(Exercise requirements):
Within the lines below, the span from the line with "Zulay Kitchen Whisk" to the line with "纯铜铜鼎摆件青铜器四足方鼎庙宇供奉香炉鼎盛千秋铸铜雕铜器摆件", both ends included, is to be reproduced exactly, with pictures omitted.
──────── Material to process
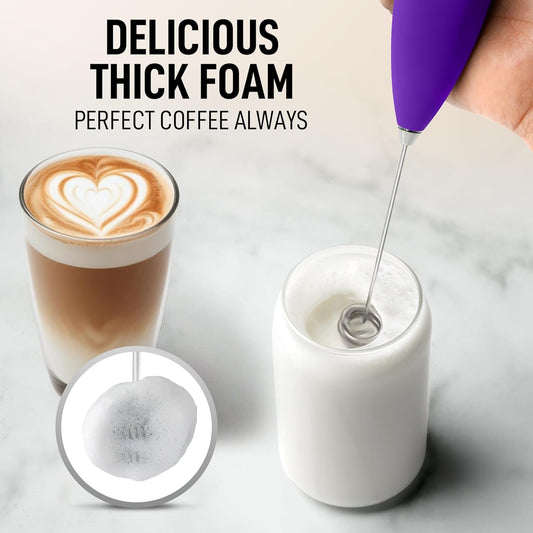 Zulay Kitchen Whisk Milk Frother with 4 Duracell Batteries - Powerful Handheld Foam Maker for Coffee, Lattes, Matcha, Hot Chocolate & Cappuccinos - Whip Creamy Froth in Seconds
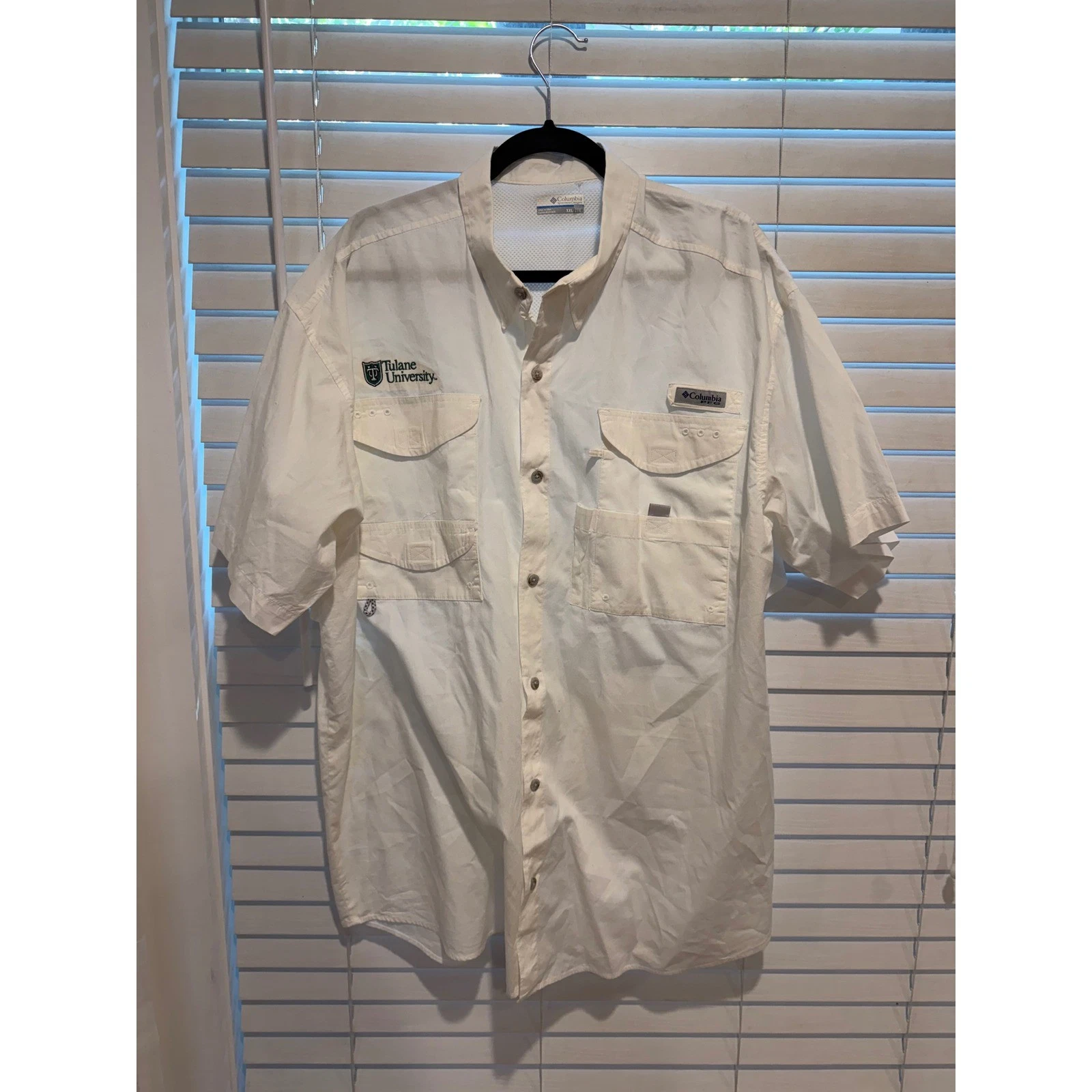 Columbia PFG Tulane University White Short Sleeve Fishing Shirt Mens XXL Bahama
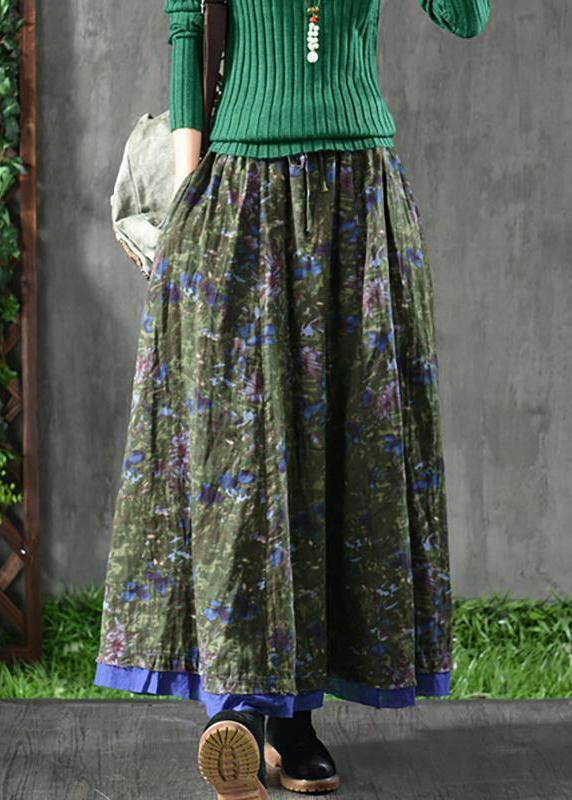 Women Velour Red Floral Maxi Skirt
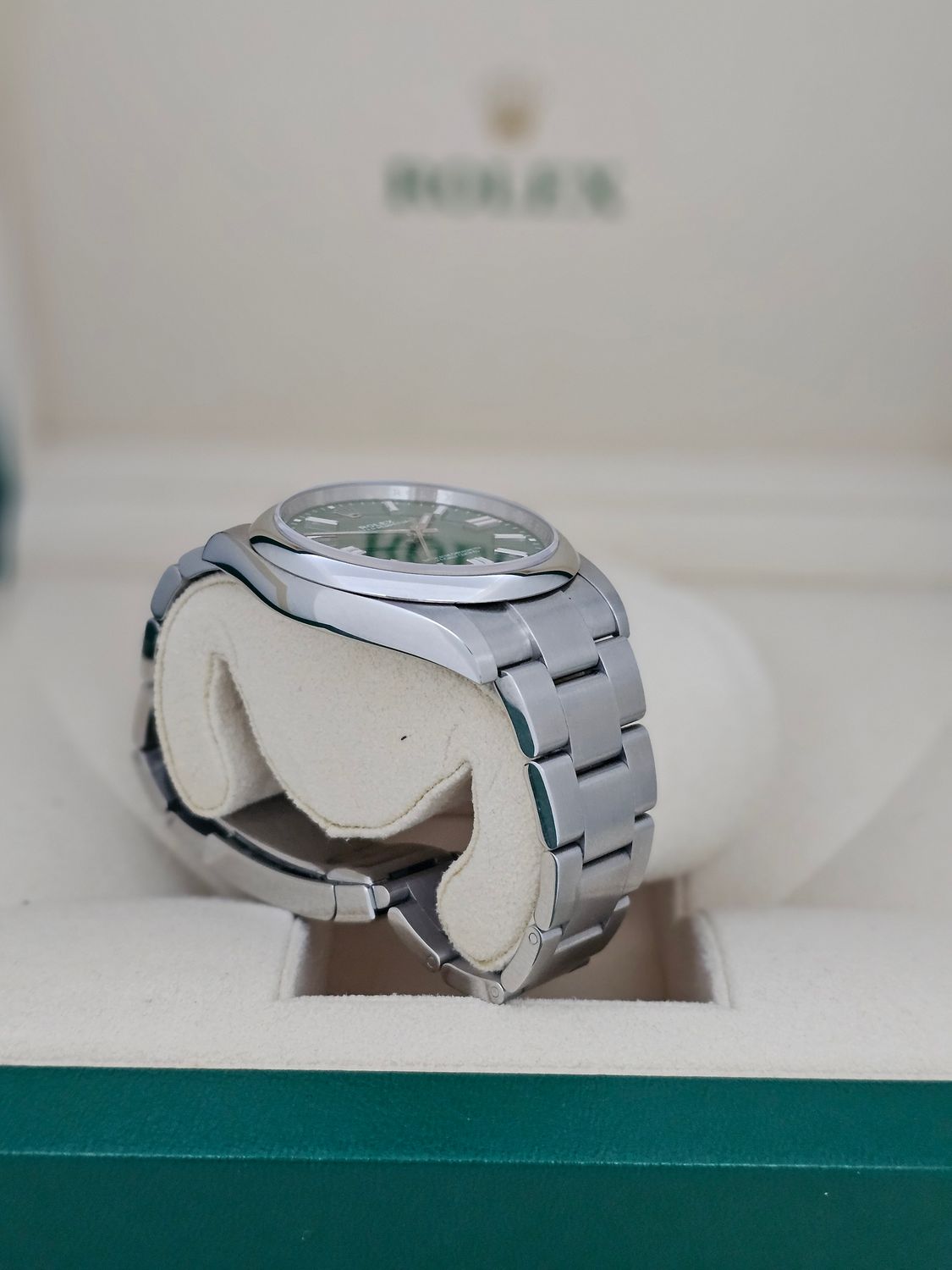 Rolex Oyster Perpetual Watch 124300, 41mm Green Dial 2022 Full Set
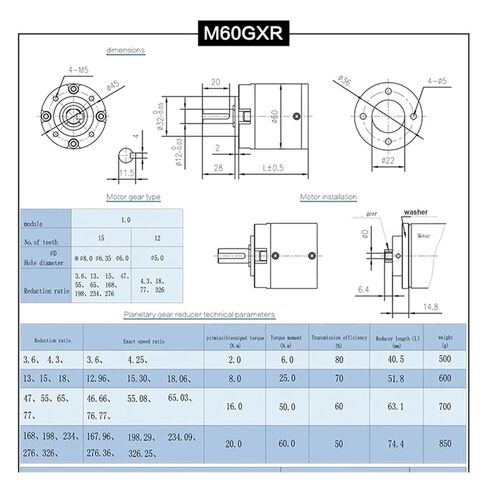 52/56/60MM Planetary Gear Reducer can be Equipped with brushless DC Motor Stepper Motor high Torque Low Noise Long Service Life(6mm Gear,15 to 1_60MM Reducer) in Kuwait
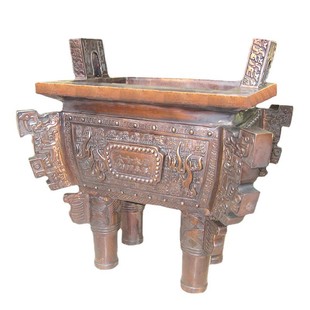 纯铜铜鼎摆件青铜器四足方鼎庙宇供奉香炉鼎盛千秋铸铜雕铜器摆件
────────────────
──────── Material to process
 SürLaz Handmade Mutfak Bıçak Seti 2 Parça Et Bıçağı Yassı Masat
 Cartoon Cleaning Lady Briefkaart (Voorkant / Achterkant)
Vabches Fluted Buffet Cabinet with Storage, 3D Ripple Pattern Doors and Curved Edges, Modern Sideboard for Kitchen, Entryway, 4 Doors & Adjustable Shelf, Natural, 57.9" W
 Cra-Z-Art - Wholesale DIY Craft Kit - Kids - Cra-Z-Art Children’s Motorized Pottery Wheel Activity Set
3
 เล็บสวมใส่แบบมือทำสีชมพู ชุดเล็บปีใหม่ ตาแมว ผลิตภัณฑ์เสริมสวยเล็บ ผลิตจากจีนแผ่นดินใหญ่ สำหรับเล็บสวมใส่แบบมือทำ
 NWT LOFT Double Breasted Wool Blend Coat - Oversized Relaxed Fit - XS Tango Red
────────────────
(Task solution):
 Zulay Kitchen Whisk Milk Frother with 4 Duracell Batteries - Powerful Handheld Foam Maker for Coffee, Lattes, Matcha, Hot Chocolate & Cappuccinos - Whip Creamy Froth in Seconds
 Columbia PFG Tulane University White Short Sleeve Fishing Shirt Mens XXL Bahama
 Women Velour Red Floral Maxi Skirt
 Rolex Oyster Perpetual Watch 124300, 41mm Green Dial 2022 Full Set
 52/56/60MM Planetary Gear Reducer can be Equipped with brushless DC Motor Stepper Motor high Torque Low Noise Long Service Life(6mm Gear,15 to 1_60MM Reducer) in Kuwait
 纯铜铜鼎摆件青铜器四足方鼎庙宇供奉香炉鼎盛千秋铸铜雕铜器摆件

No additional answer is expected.